Caption-style text data:
((
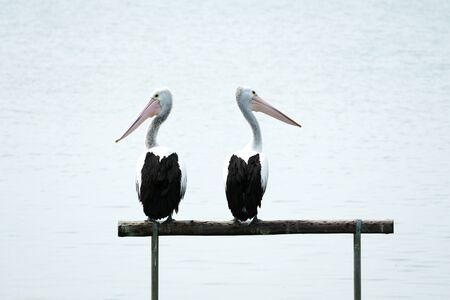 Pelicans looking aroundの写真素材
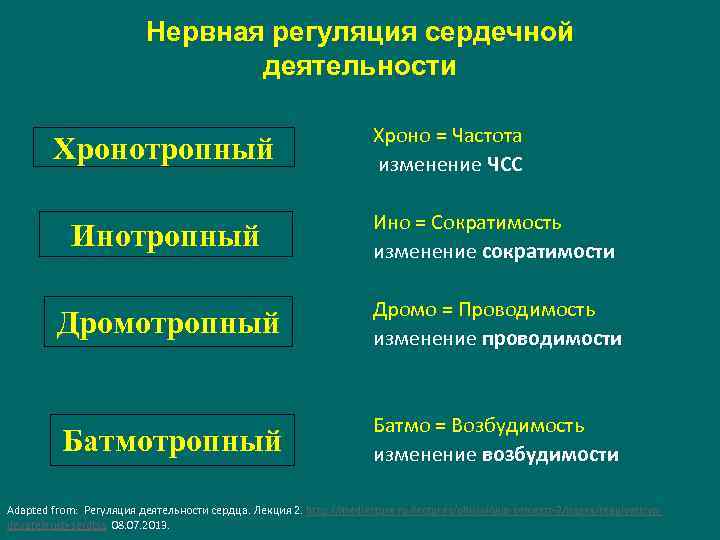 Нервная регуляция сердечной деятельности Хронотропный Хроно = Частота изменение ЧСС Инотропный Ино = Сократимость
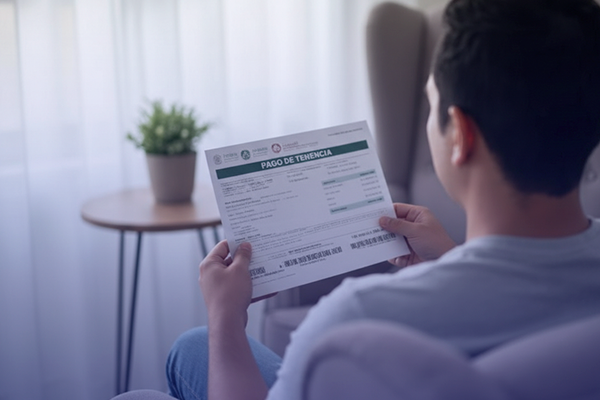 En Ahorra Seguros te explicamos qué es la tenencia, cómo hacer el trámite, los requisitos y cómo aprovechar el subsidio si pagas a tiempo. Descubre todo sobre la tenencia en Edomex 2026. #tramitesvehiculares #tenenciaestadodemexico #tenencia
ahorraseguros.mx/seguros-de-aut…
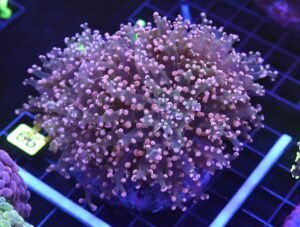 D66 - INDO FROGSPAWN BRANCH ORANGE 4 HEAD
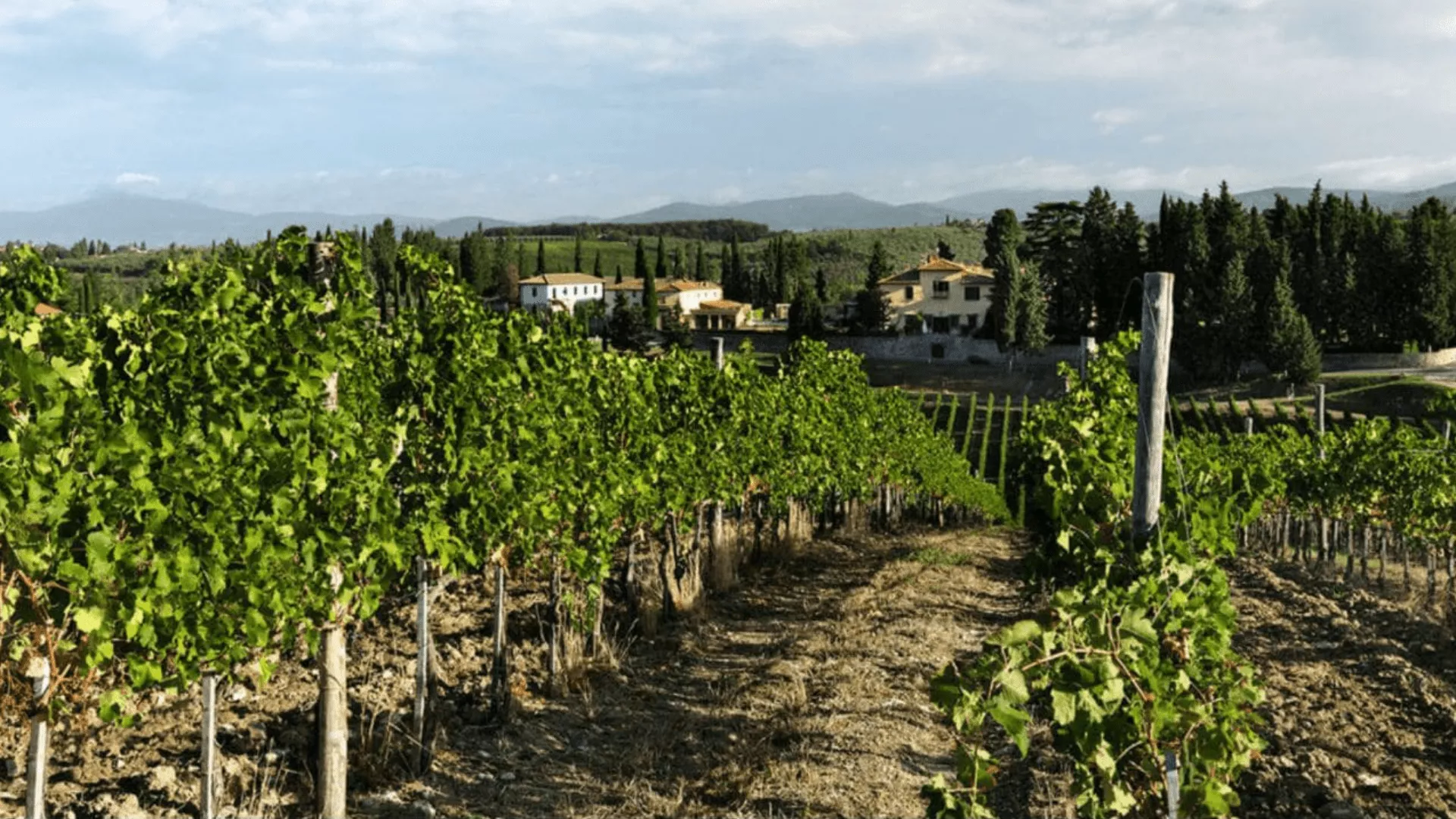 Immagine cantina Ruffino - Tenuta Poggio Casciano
))
((
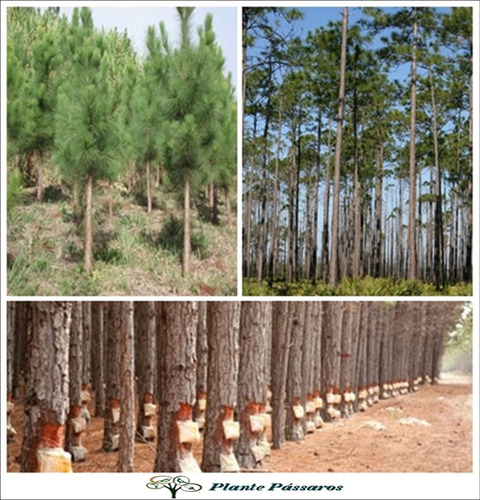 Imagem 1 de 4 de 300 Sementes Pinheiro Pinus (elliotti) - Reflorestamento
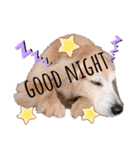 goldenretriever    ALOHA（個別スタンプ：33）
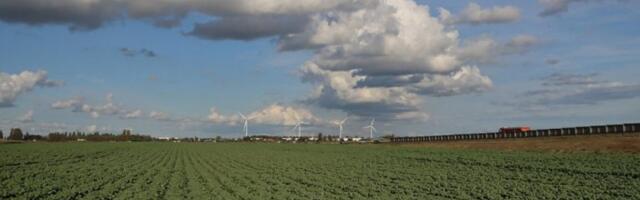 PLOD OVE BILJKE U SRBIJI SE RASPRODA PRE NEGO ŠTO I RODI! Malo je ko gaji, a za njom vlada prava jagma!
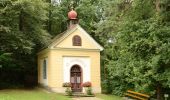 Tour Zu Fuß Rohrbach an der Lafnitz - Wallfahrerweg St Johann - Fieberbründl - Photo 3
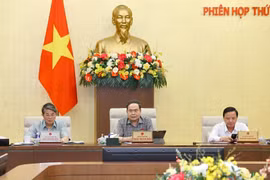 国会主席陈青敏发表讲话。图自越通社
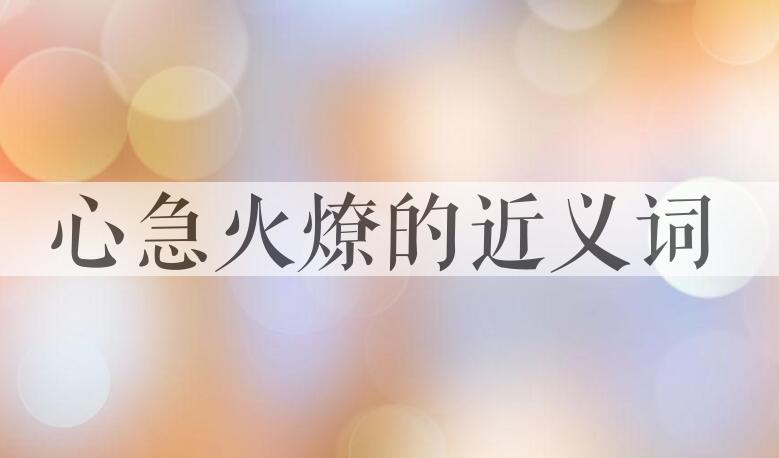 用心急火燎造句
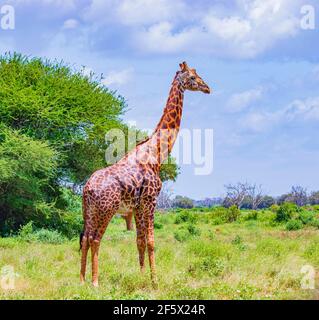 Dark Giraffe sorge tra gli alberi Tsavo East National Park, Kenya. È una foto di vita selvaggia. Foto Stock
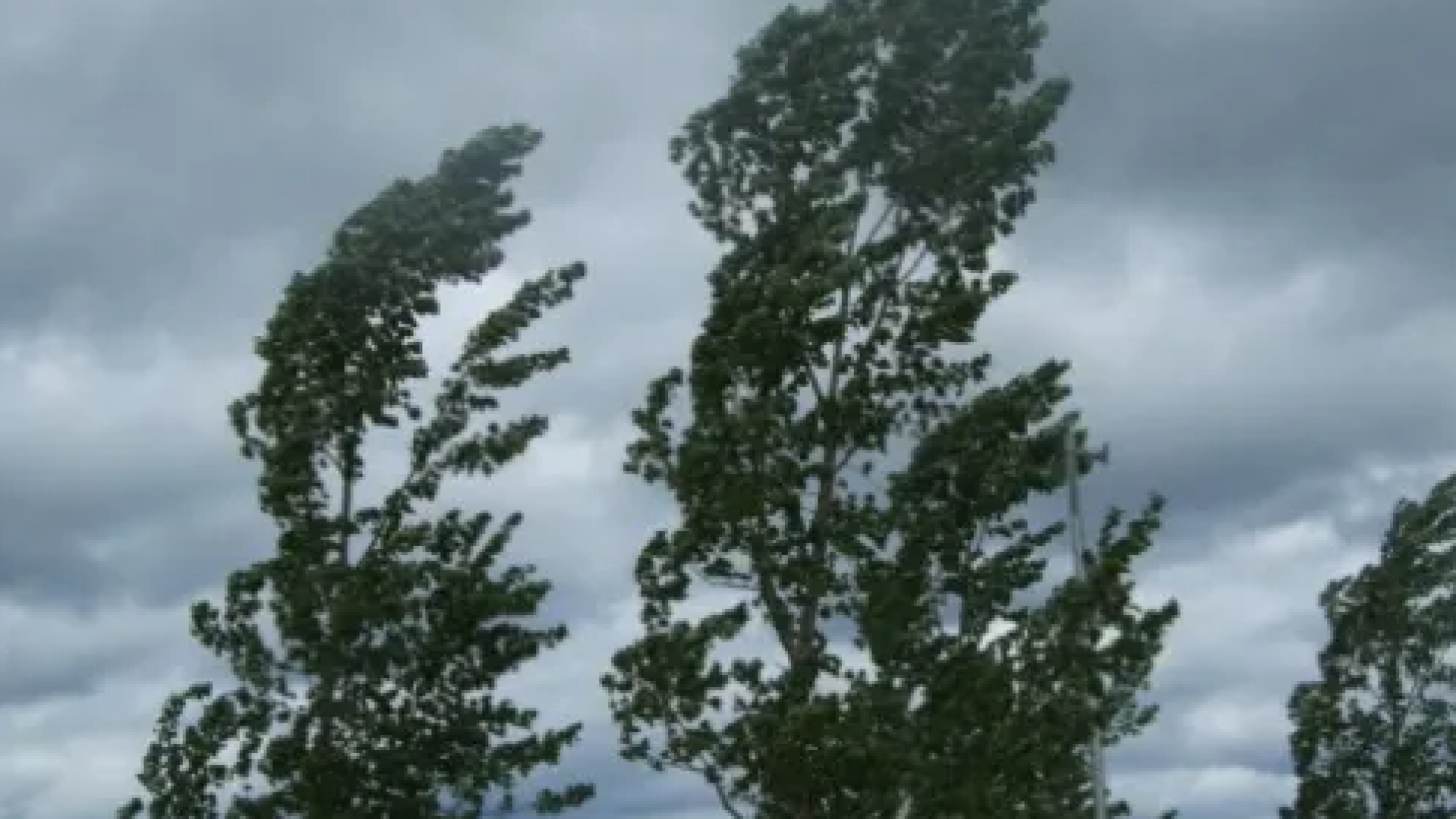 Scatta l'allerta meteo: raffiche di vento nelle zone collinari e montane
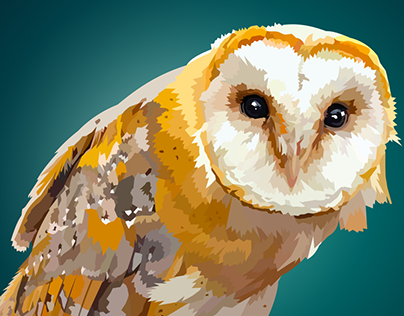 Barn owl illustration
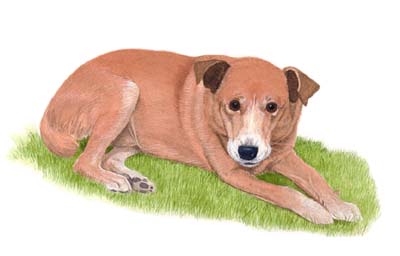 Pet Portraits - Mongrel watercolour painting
))
▸ **GOAL OF THE EXERCISE**
For this exercise, set down the lines in the entries above from the one with "Pelicans looking aroundの写真素材" through the one with "Immagine cantina Ruffino" exactly as written, without any pictures.

▸ **EXERCISE SOLUTION**
 Pelicans looking aroundの写真素材
 Нервная регуляция сердечной деятельности Хронотропный Хроно = Частота изменение ЧСС Инотропный Ино = Сократимость
 En Ahorra Seguros te explicamos qué es la tenencia, cómo hacer el trámite, los requisitos y cómo aprovechar el subsidio si pagas a tiempo. Descubre todo sobre la tenencia en Edomex 2026. #tramitesvehiculares #tenenciaestadodemexico #tenencia
ahorraseguros.mx/seguros-de-aut…
 D66 - INDO FROGSPAWN BRANCH ORANGE 4 HEAD
 Immagine cantina Ruffino - Tenuta Poggio Casciano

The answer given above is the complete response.